UK to make ‘big bets’ on nuclear power in move away from Russian oil

Prime Minister Boris Johnson has said now is the time “to make a series of big new bets” on nuclear power as part of efforts to eliminate the UK’s reliance on Russian oil imports.

Last week, the government committed to phase out Russian oil by the end of the year in response to Russia's aggressive actions in Ukraine.

Writing in the Telegraph, Johnson said that his government wanted to “exploit the potential” of renewable energy technologies including tidal power, hydro and geothermal energy but that consistent baseload electricity generation could be met with nuclear when renewables aren’t generating.

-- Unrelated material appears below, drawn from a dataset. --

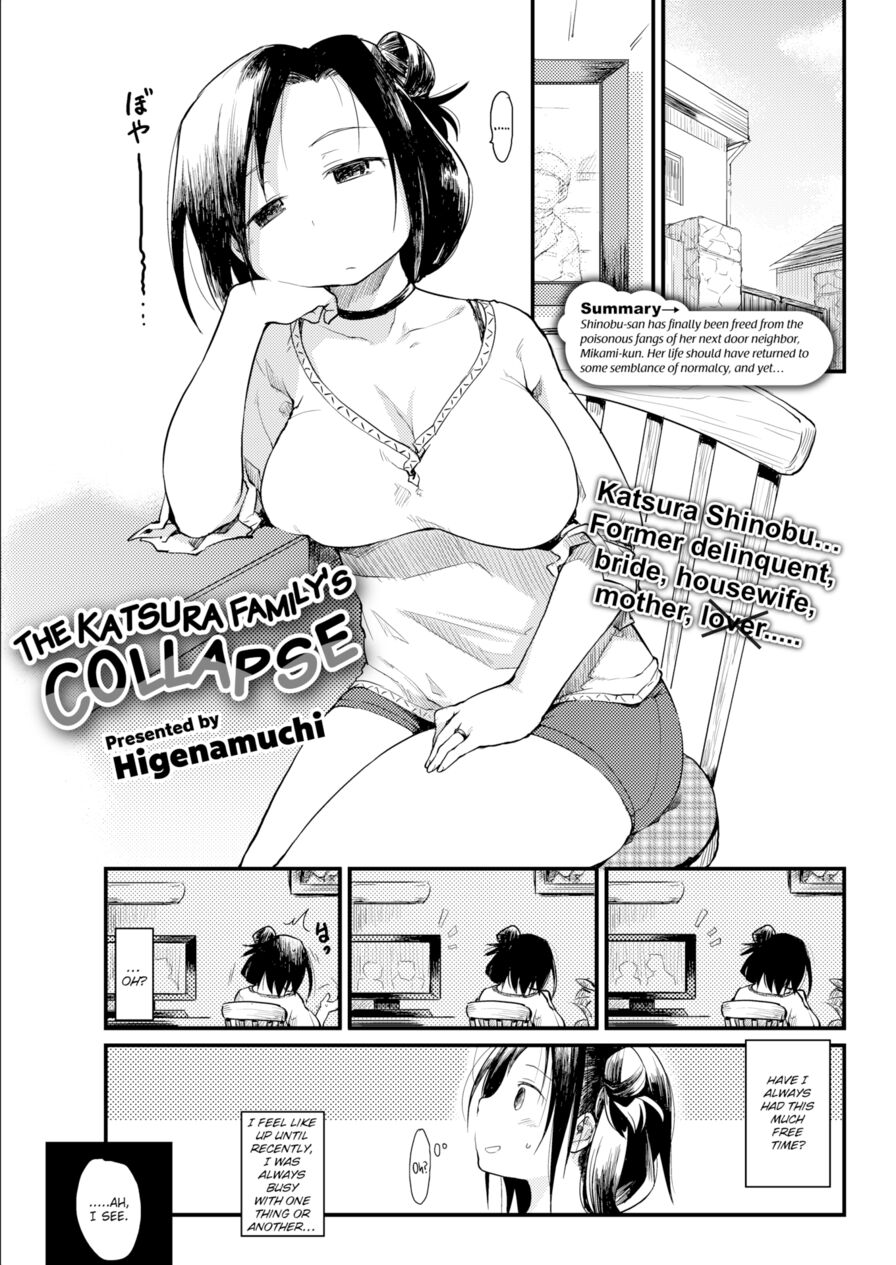 [Higenamuchi] The Katsura Family's Collapse (Comic Kairakuten 2017-06)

The strategy would include small modular reactors as well as more traditional, larger power stations.

“It was the UK that first split the atom. It was the UK that had the world’s first civilian nuclear power plant. It is time we recovered our lead,” Johnson wrote.

Just last month, the UK Office for Nuclear Regulation approved the design for a new nuclear power plant to be built in Bradwell, Essex.

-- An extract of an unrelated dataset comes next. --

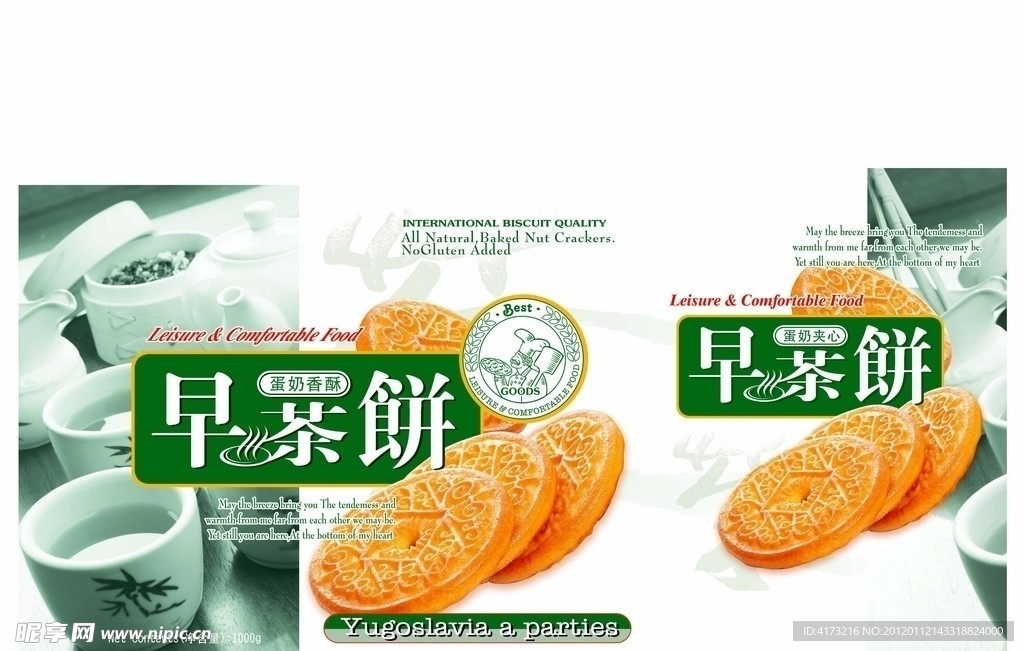 早茶饼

Johnson also offered some words of encouragement to the UK’s domestic fossil fuel producers.

“It is crazy that we are importing oil and gas from Putin’s Russia when we have our own resources in the North Sea,” he added. “It is time to give investors more confidence in British hydrocarbons. That way, we will have more domestic energy resilience as we make the transition to a zero-carbon future.”

Currently, the North Sea’s reserves are privatised so any oil that is produced is priced according to the global markets and therefore does not contribute to the UK’s energy security. Johnson didn’t elaborate on how future oil production could change this.

“We will need hydrocarbons to make hydrogen – the low-carbon fuel that has perhaps the greatest potential of all,” he added.

Hydrogen made using fossil fuels (known as blue hydrogen) is not considered to be low-carbon or environmentally friendly, only that which is created via electrolysis in a process powered by renewable energy.

Last year, a study by Cornell and Stanford University researchers found blue hydrogen actually has a carbon footprint significantly greater than natural gas, diesel and even coal.

Johnson is heading to Saudi Arabia today as part of a push to get the country to increase its oil and gas production to replace the lost Russian sources.

A recent survey of more than 1,000 British adults by Ipsos found nearly nine in 10 people (88 per cent) were concerned about the price of home energy and more than three quarters of people support investing more in renewables and energy efficiency to cut reliance on imports.